Я воспользовался изучением языка просто в качестве примера, из которого можно видеть, что имитация — это частный случай метода проб и элиминации ошибок [59]. Это также пример сотрудничества между фазой догматического формирования теории, формирования ожидания или формирования поведенческих регулярностей, с одной стороны, и фазой критицизма — с другой.
Но несмотря на то, что теория критической фазы как идущей вслед за фазой догматической очень упрощена, она верна в том, что не может быть критической фазы без предшествующей ей догматической фазы, фазы, в которой что-то — ожидание, поведенческая регулярность — формируется, прежде чем с ними мог бы начать работу процесс элиминации ошибок.

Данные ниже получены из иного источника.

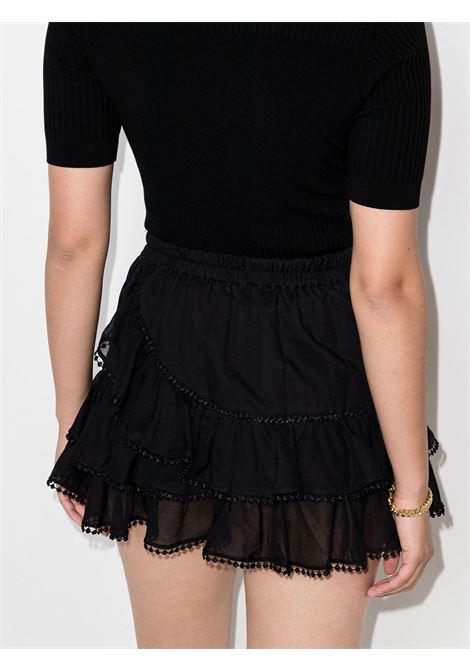 Gonna mini con ricami fera in nero Charo Ruzi Ibiza - donna CHARO RUIZ IBIZA 1989 | 201402BLK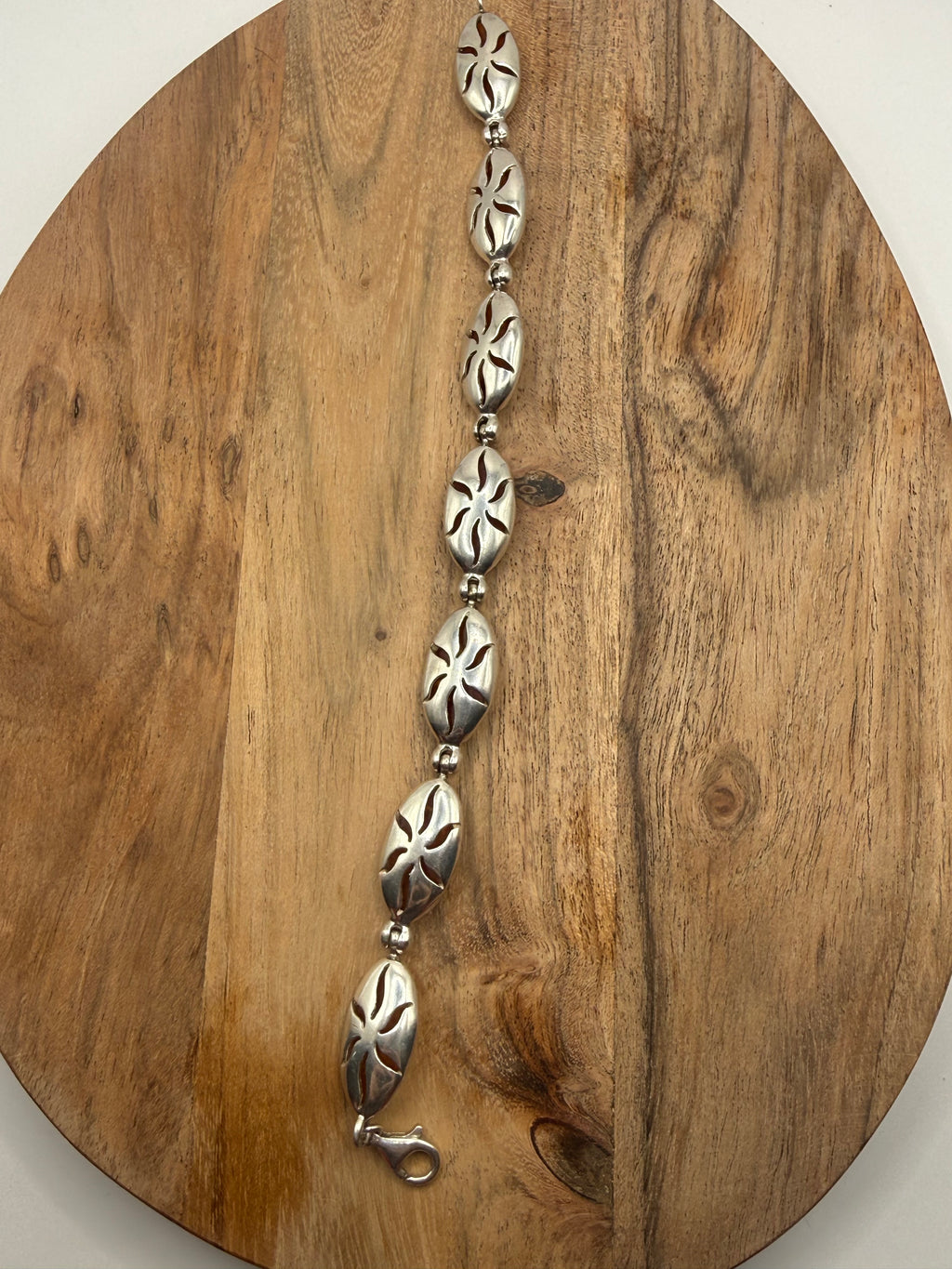 Sterling Silver Amber Bracelet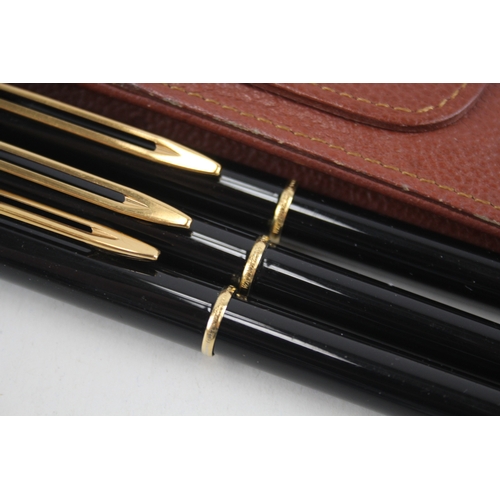 531 - Vintage WATERMAN Exclusive Black Lacquer Fountain Pen 18ct Nib, Ballpoint Etc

Это воззрение побудило меня отказаться от психологической теории обучения путем индукции, теории, которой придерживался Юм даже после того, как он отверг индуктивизм на логических основаниях. (Я не хочу повторять то, что я сказал о точке зрения Юма на привычку в «Предположениях и опровержениях») [60]. Кроме того, оно помогло мне понять, что не существует такой вещи, как непредвзятое наблюдение. Всякое наблюдение представляет собой активность, имеющую цель (найти или проверить наличие некоторой регулярности, которое, по крайней мере, смутно предполагается); активность, направляемую проблемами и контекстом наблюдений («горизонтом ожиданий», как я назвал его позже). Нет такой вещи, как пассивный опыт; нет пассивно запечатленных ассоциаций запечатленных идей. Опыт есть результат активного исследования организма, поиска регулярностей или инвариантов. Нет такой вещи, как восприятие, кроме как в контексте интересов и ожиданий, а следовательно, регулярностей или «законов».